General Procedure for the Synthesis of 5 and 7: A mixture of 5-alkyl-/5,6-dialkyl-3-cyano-4-methylsulfanyl-2H-pyran-2-ones 3 or 6-isopropyl-4-sec-amino-2H-pyran-2-ones 6 (1 mmol), malononitrile (1.2 mmol) and powdered KOH (1.2 mmol) in anhyd DMF (5 mL) was stirred at r.t. for 8-12 h. After completion of the reaction, the reaction mixture was poured into ice-water with vigorous stirring and finally neutralized with dilute HCl.

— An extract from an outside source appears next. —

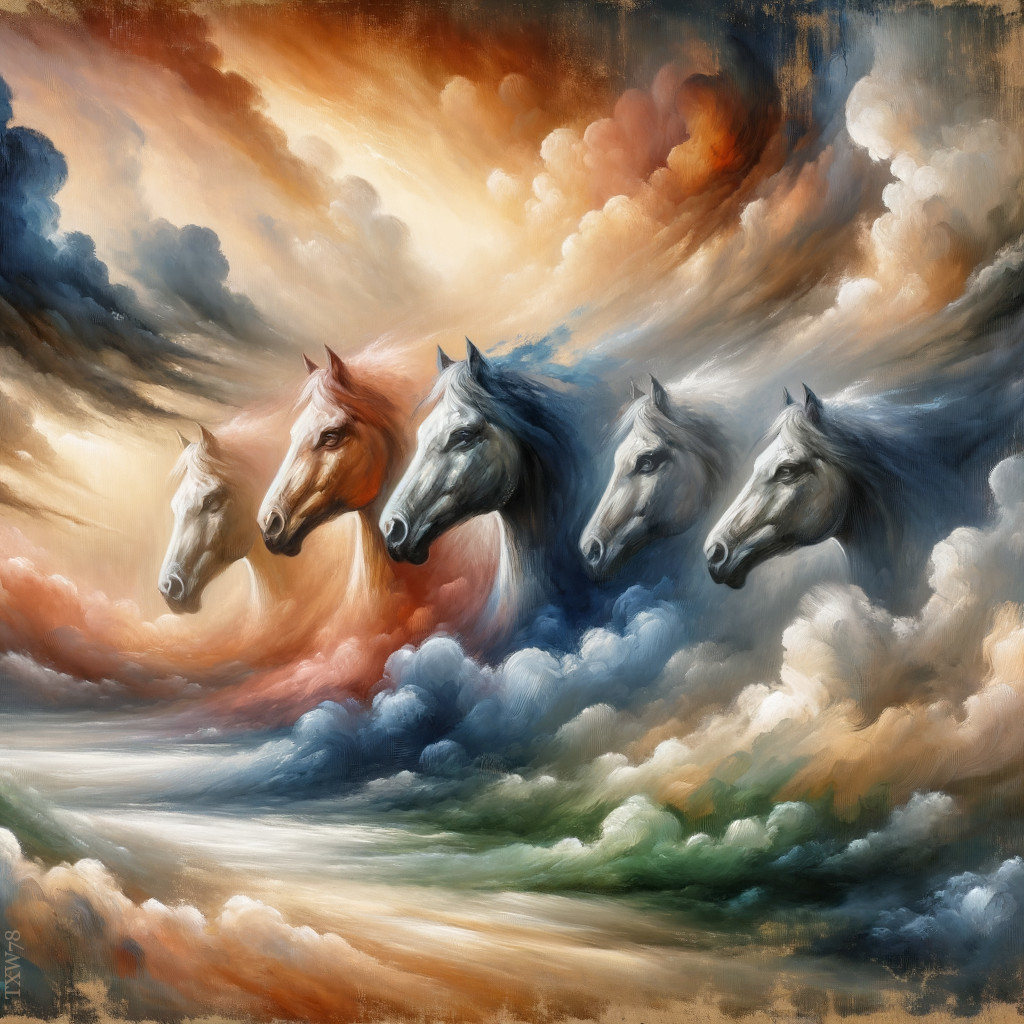 Four Horse Heads Emerging from Swirling Clouds in Dramatic Sky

The solid thus obtained was filtered and purified on a neutral alumina column using CHCl₃-hexane (1:9) as eluent. 5a: yield: 89%; white solid; mp 236-238 °C. ¹H NMR (200 MHz, CDCl₃): δ = 2.48 (s, 3 H, Me), 2.54 (s, 3 H, SMe), 5.10 (br s, 2 H, NH₂), 6.42 (s, 1 H, ArH). ¹³C NMR (50.0 MHz, CDCl₃ + DMSO): δ = 19.95, 26.68, 96.73, 98.40, 118.95, 119.83, 120.87, 152.67, 155.72, 158.00. IR (KBr): 2213 (CN), 3353, 3442 (NH₂) cm^-1. MS (FAB): m/z = 204 [M⁺ + 1]. HRMS: m/z calcd for C₁₀H₉N₃S: 203.0532; found: 203.0517. 7a: yield: 86%; white solid; mp 190-192 °C. ¹H NMR (200 MHz, CDCl₃): δ = 1.27 (d, J = 6.8 Hz, 6 H, 2 × Me), 3.15-3.37 (m, 5 H, CH, 2 × CH₂), 3.83-3.91 (m, 4 H, 2 × CH₂), 5.10 (br s, 2 H, NH₂), 6.17 (s, 1 H, ArH). ¹³C NMR (75.5 MHz, CDCl₃): δ = 21.38, 32.24, 49.76, 65.40, 85.02, 87.90, 102.70, 114.73, 115.00, 152.77, 157.62, 157.92. IR (KBr): 2210 (CN), 3353 (NH), 3412 (NH) cm^-1. MS (ESI): m/z = 271 [M⁺ + 1]. HRMS: m/z calcd for C₁₅H₁₈N₄O: 270.1481; found: 270.1483.

29

General Procedure for the Synthesis of 6: A mixture of compound 3d (1.0 mmol) and secondary amine (1.2 mmol) was refluxed in MeOH (20 mL) for 6-8 h. After completion of the reaction, MeOH was evaporated under vacuum, and the reaction mixture was washed with ice-cooled H₂O. The crude was purified on a silica gel column using CHCl₃ as eluent. 6a: yield 74%; white solid; mp 162-164 °C. ¹H NMR (200 MHz, CDCl₃): δ = 1.23 (d, J = 6.8 Hz, 6 H, 2 × Me), 2.00-2.10 (m, 4 H, 2 × CH₂), 2.62-2.73 (m, 1 H, CH), 3.54-3.62 (m, 2 H, CH₂), 4.02-4.10 (m, 2 H, CH₂), 5.71 (s, 1 H, CH). ¹³C NMR (75.5 MHz, CDCl₃): δ = 20.36, 34.00, 49.89, 66.99, 73.24, 94.52, 117.63, 161.92, 163.11, 172.59. IR (KBr): 1704 (CO), 2207 (CN) cm^-1. MS (ESI): m/z = 249 [M⁺ + 1].